Phoenix — Authorities have revealed how much money will be given to nine people in a settlement against two polygamous towns in Arizona and Utah that were found to have discriminated against nonbelievers.
The $1.6 million settlement was announced last month when a jury delivered verdicts against Colorado City, Ariz., and Hildale, Utah. But the amount of money to be given to people within the community wasn’t revealed at the time.
A court filing Monday now says nine people will each receive $173,000. The towns and their water utility also will each pay a $55,000 civil penalty.
The jury concluded the towns violated the constitutional rights of nonbelievers by denying them basic services such as police protection, building permits and water hookups.
Jurors found six people suffered emotional stress from the discrimination and should get damages.
The U.S. Justice Department decided to split the settlement proceeds between those six people and added three others as recipients. As part of the settlement, the agency was allowed to divvy up the funds as it saw fit.
Isaac Wyler, one of the three people added to the settlement, testified about how he suffered from vandalism and intimidation after he left the church.
Wyler said he complained to local authorities hundreds of times after his horse property was vandalized, including water lines and fences being cut, but the police did nothing because he was no longer a member of the church.
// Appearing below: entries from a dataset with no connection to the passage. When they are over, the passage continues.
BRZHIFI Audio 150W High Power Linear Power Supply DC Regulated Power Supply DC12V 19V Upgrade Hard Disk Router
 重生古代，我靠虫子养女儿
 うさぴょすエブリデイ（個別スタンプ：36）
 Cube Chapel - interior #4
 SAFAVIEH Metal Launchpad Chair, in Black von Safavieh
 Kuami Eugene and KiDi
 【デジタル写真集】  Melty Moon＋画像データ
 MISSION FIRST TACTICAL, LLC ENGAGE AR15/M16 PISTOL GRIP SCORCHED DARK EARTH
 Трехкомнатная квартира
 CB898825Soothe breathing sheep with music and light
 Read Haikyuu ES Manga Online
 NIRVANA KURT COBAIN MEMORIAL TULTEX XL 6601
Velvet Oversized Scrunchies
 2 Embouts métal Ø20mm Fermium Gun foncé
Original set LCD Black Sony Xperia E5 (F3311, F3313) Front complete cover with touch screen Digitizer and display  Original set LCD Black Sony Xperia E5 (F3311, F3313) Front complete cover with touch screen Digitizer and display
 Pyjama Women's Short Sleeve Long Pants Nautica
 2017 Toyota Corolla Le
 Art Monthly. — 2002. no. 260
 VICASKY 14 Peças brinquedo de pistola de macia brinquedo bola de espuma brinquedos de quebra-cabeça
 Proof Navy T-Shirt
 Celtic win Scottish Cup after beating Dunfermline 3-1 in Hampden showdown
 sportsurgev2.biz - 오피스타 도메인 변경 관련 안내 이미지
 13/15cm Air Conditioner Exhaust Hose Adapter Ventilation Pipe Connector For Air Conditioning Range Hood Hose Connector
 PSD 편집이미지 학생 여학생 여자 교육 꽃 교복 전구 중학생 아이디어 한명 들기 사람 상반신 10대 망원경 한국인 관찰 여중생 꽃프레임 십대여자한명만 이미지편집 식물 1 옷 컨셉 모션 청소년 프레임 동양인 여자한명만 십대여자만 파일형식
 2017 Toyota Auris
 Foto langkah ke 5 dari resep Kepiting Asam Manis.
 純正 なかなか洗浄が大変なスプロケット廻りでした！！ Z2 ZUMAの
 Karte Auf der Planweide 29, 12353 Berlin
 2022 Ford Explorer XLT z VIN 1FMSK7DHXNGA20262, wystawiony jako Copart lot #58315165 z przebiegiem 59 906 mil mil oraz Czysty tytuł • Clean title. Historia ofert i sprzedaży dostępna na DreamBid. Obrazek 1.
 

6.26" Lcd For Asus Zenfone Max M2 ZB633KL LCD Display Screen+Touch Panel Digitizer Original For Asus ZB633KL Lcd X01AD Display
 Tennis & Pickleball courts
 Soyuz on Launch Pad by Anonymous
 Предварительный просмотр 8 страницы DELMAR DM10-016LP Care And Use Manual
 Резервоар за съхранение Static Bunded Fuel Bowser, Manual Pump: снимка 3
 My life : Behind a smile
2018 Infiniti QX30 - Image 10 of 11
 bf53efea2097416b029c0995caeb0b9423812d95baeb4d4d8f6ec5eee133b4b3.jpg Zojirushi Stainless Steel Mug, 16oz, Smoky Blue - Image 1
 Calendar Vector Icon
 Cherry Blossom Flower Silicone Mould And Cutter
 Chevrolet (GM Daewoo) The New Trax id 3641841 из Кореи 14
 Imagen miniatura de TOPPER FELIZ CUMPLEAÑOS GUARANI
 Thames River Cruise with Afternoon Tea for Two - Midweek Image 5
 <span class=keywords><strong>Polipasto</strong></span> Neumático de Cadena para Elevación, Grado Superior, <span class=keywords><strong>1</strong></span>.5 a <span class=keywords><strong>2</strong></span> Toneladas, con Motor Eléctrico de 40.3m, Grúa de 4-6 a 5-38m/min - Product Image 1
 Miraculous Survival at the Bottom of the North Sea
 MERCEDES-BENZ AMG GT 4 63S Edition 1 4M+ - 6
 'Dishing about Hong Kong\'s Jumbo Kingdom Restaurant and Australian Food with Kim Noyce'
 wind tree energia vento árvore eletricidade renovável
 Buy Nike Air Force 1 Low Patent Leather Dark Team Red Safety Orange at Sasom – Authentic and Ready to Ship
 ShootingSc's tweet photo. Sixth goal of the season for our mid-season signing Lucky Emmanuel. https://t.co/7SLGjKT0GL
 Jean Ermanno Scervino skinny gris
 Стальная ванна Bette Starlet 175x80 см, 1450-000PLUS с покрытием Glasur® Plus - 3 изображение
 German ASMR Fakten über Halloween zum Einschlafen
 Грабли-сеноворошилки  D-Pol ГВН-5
He also described finding a dozen dead cats on his property after leaving the church.
A pretrial ruling barred the Justice Department from seeking damages at trial for Wyler.
The case’s judge will hold hearings later this year to determine how to remedy the civil rights violations.
Federal authorities haven’t specified the changes they’ll seek, but the judge has several options, including disbanding the towns’ shared police force.